# The passing of another Wing Chun Master



## KPM (Nov 22, 2017)

I just learned that Fung Leung, the eldest son of Fung Chun of the Ku Lo Pin Sun Wing Chun lineage just died.  He had had several strokes. 

Fung Chun had become the patriarch or head of the system up until his own death in 2012 at age 93.  When he died he didn't name a successor.   But for all intents and purposes it was his oldest son Fung Leung.   Fung Leung's nickname was "tank" because, even though a relatively small guy, he took care of business!   He was known as the fighter of the family.  I don't know his exact age, but he was likely in his mid-60's.  But if you saw the recent video footage I posted of him on other thread recently you saw that he still moved like a young man!

Chunfai Ng


----------



## KPM (Nov 22, 2017)

__ https://www.facebook.com/video.php?v=10207888781075563
			








__ https://www.facebook.com/video.php?v=10207888768955260
			








__ https://www.facebook.com/video.php?v=10207105808461737


----------



## Cephalopod (Nov 22, 2017)

Very sorry to hear this. Thanks for posting.
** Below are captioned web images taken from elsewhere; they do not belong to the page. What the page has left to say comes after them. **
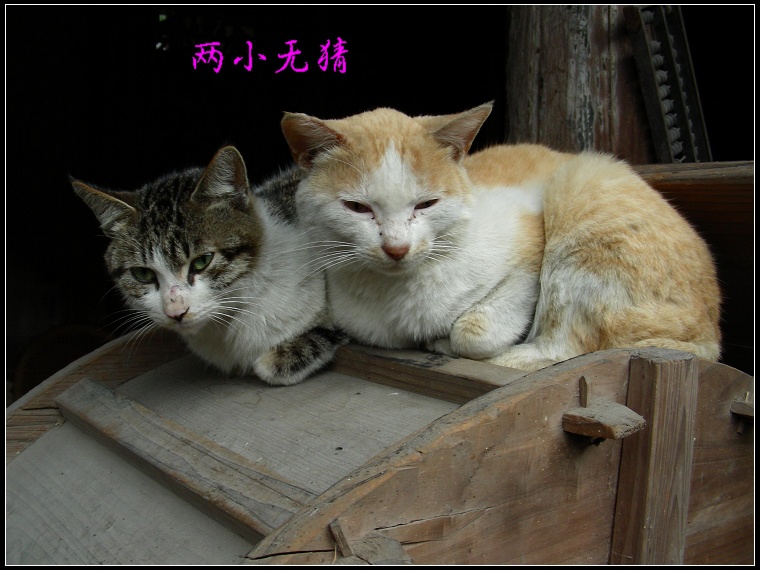 DSCN0859.JPG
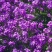 蓝香芥种子四季种易活开花不断多年生花海种子庭院兰香芥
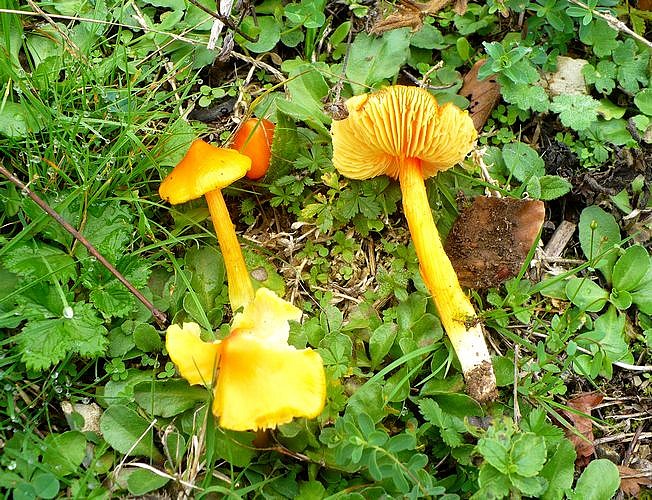 Hygrocybe_aurantiosplendens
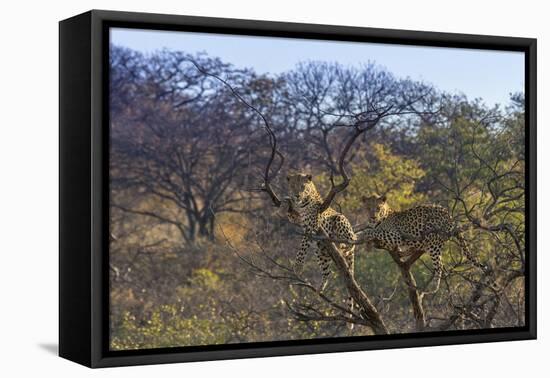 Males in a Tree-PattrickJS-Framed Stretched Canvas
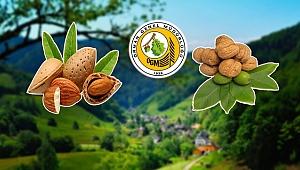 Bandırma Ormanları Orman Köylüsüne Gelir Getirecek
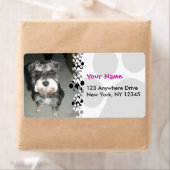 Miniature Schnauzer Foto (Insitu)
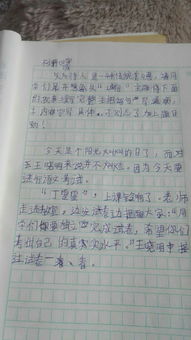 誠信教育進校園作文1000字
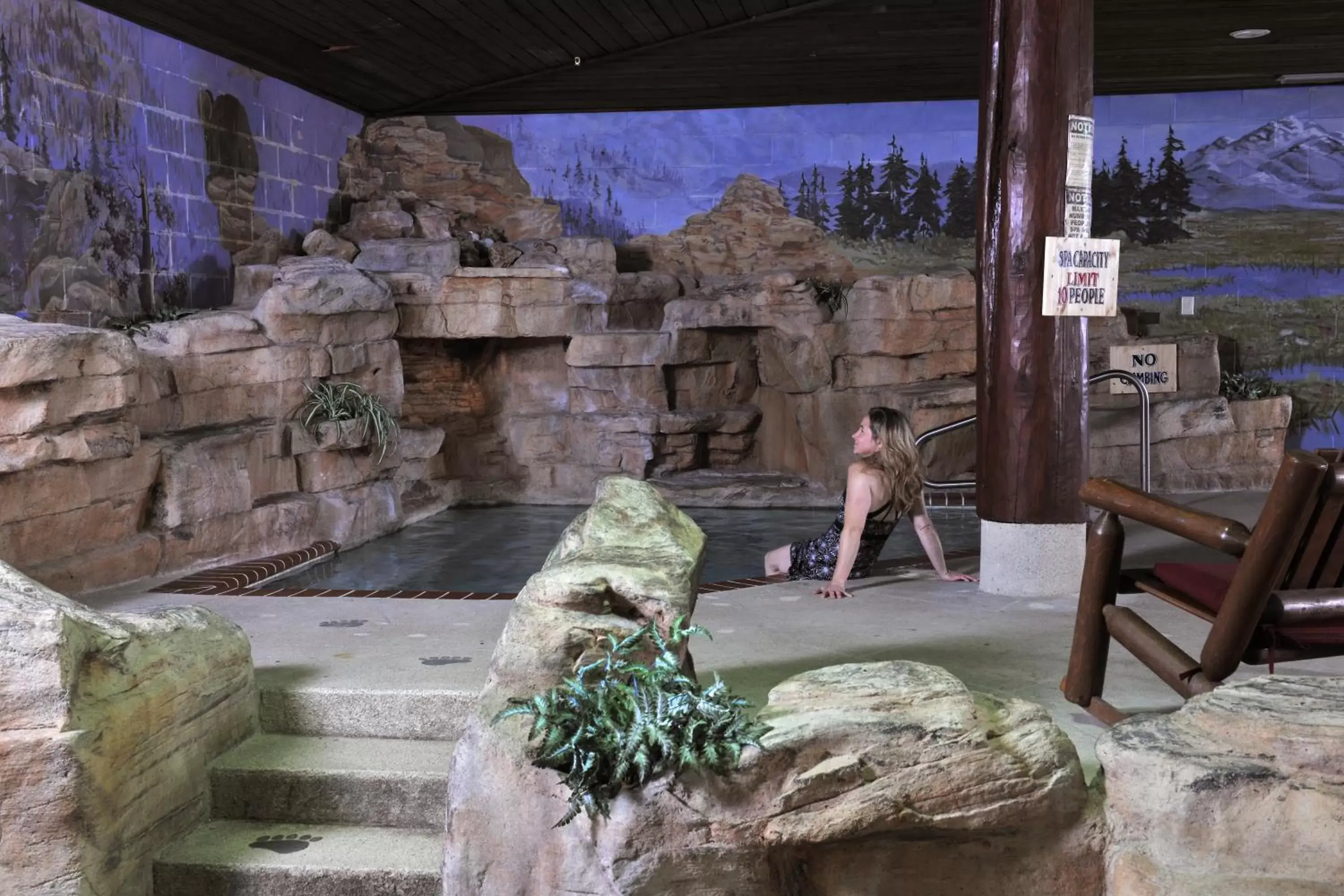 Hot Tub, Pets in Stoney Creek Inn Quincy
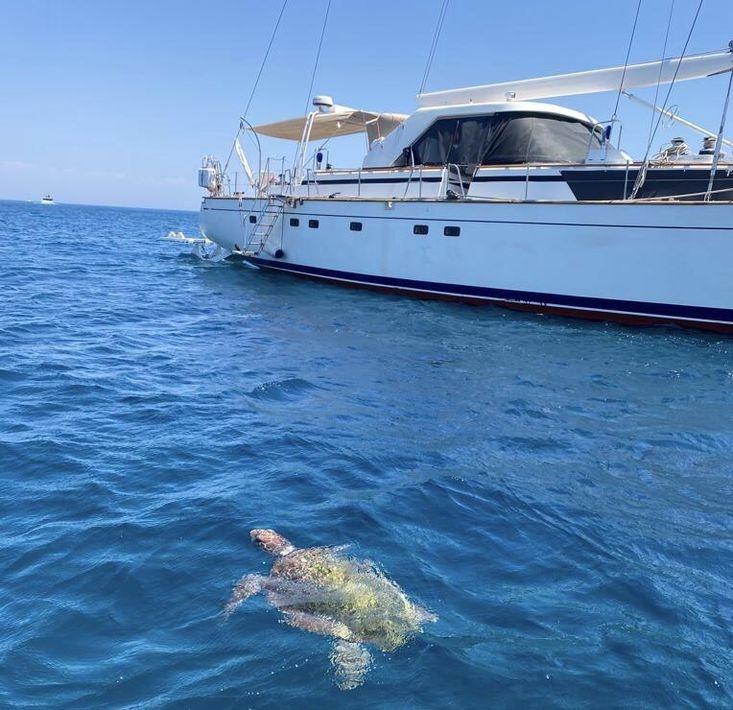 CIM Shipyard Ocean Voyager 82 - Image 38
That seems to be some pretty formidable power generation that he's working on the dummy. I totally believe the "tank" moniker. I wouldn't want to get hit by one of those high velocity shells!


----------



## KPM (Nov 23, 2017)

Here is some more footage of Fung Leung from not to long ago.  He is doing some of the sets, mixing in some "free flow" and even gets a bit "funky" at times!





__ https://www.facebook.com/video.php?v=10212542749661869


----------